La stessa volontà (ferrea e palese, ma magari è un’impressione) di Snapchat di risultare fluido e – oserei dire – amorfo, mischiando in maniera apparentemente caotica ed indiscriminata tutti i mezzi di comunicazione personale di cui ci serviamo di solito, rivela il suo ultimo (?), forse più clamoroso, lato oscuro: l’app mira ad essere onnipresente.

Come e più dei vari WhatsApp simili, Snapchat mira a mio avviso a raggiungere lo status di “app di default” di cui gode WeChat in estremo oriente (sull’argomento esiste una letteratura vastissima è molto interessante, come questo post).

Per quanto l’obiettivo possa sembrare ambizioso, e il suo raggiungimento verificabile solo in maniera empirica con il tempo, bisogna notare due cose:

  • Quasi tutti abbiamo alzato il sopracciglio di default dello scetticismo quando Facebook era in crescita vertiginosa, pensando che prima o poi sarebbe arrivato un nuovo Facebook a far fare a loro la medesima fine di MySpace e affini. Almeno per ora, sembra che ci siamo sbagliati di grosso, e [2] forse potremmo/dovremmo considerare l’ipotesi che Facebook abbia raggiunto una massa critica che ne renderà molto lento e difficoltoso il superamento.
  • Questo successo, per ora innegabile, nel porsi come default (Facebook è per vecchi, Twitter sta morendo, Slack è per team e via dicendo) non fa altro che esacerbare il rischio di settarismo di cui sopra; non sono sicuro sia un bene rispecchiare così fedelmente su internet le dinamiche di altri microcosmi (high school, anyone?), se queste già ci inquietano nella loro incarnazione originale.

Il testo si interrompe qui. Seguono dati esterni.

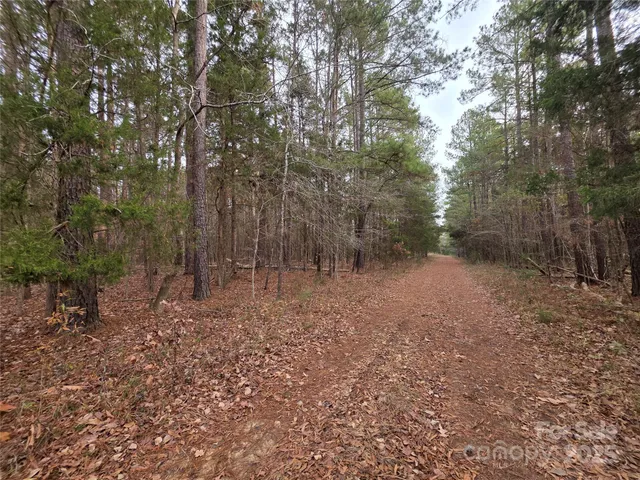 a view of a forest with trees in the background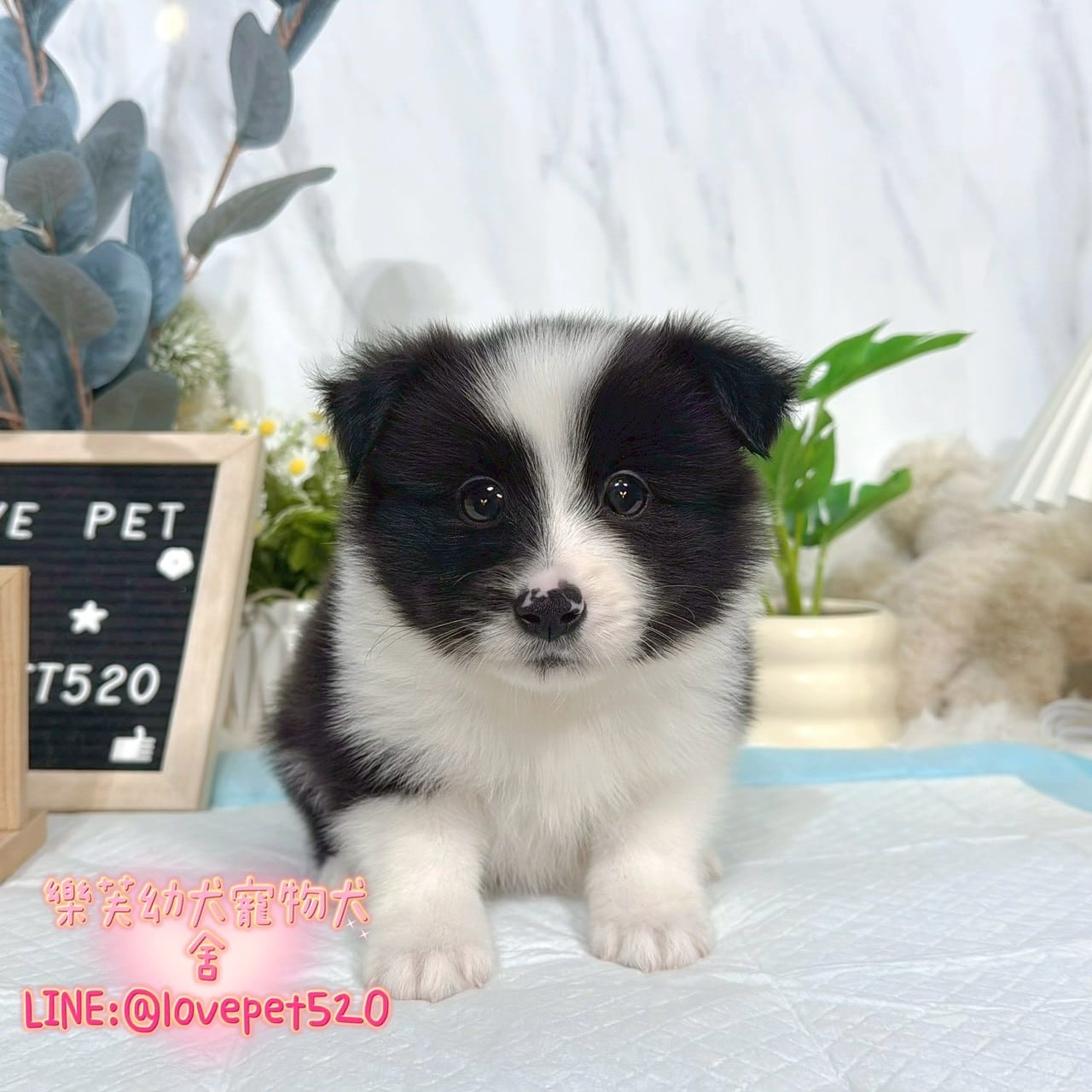 邊境牧羊犬-樂芙幼犬寵物犬舍
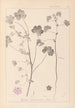 Herbier de la flore française Pl0044 - Louis Antoine Cusin — visning af kunstværket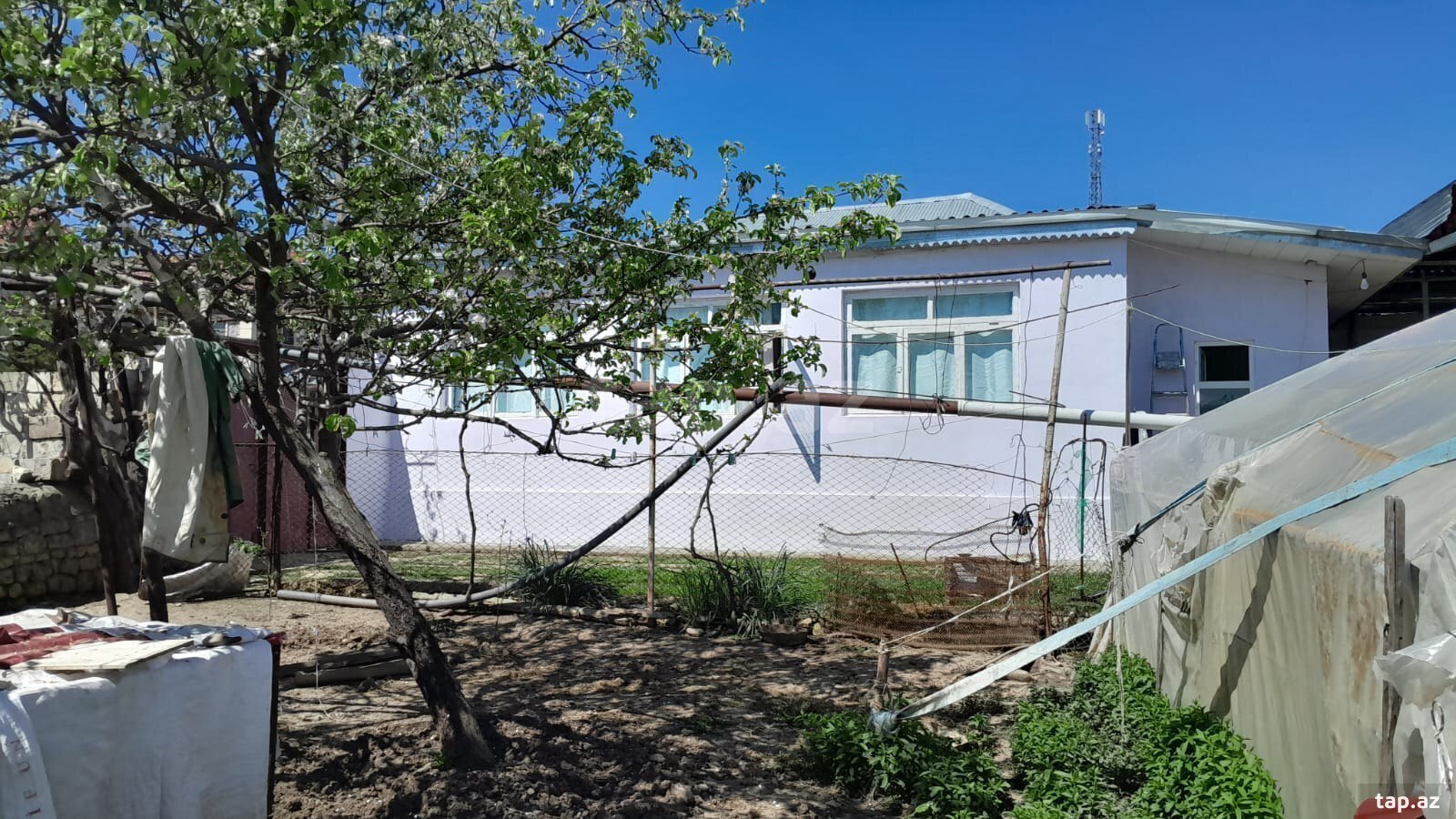 Həyət evi, Şamaxı r. (6)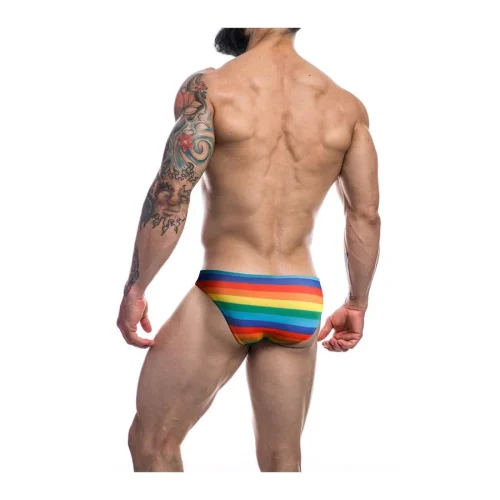 DISC*C4M Low Rise Bikini Brief-Rainbow-L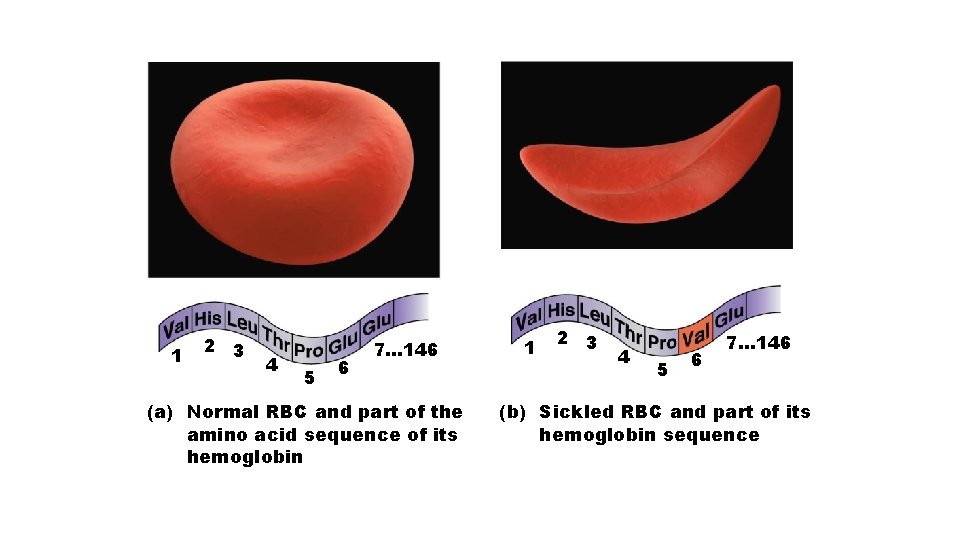 1 2 3 4 5 6 7… 146 (a) Normal RBC and part of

Tutto questo, ovviamente, parte dal presupposto che Snapchat sia diretto a chiunque, ma forse proprio qui sta l’errore e il problema: Snapchat non è Facebook. Snapchat vuole i propri utenti, che si autoselezionano, e non sono nemmeno lontanamente la maggioranza di qualunque classe demoscopica (le classiche Alfa istruzione, bassa istruzione, alto reddito, basso reddito, democratici, repubblicani, religiosi, atei, eccetera), tranne una.

Sono giovani.

Crescono con Snapchat, si abituano a considerarlo il mezzo di comunicazione e relazione sociale e forse così facendo accetteranno di buon grado (o con indifferenza) qualunque modifica (qual è il primo esempio che vi viene in mente?) il sistema decida di apportare a se stesso (dopotutto, qualcuno di noi si è accorto di quanta pubblicità ci fosse propinata durante i cartoni all’epoca in cui li guardavamo?).

Sono poi, ovviamente, i consumatori (non di domani, ma di oggi) cui tutti vorrebbero arrivare: quelli che, nei casi in cui non abbiano capacità significativa di spesa propria, orientano comunque in maniera palese e profonda le scelte delle proprie famiglie.

Ma forse, tutto questo è solo sovrastruttura da matusa, che non ha capito che mandare agli amici un selfie che vomita arcobaleni è solo una gran figata.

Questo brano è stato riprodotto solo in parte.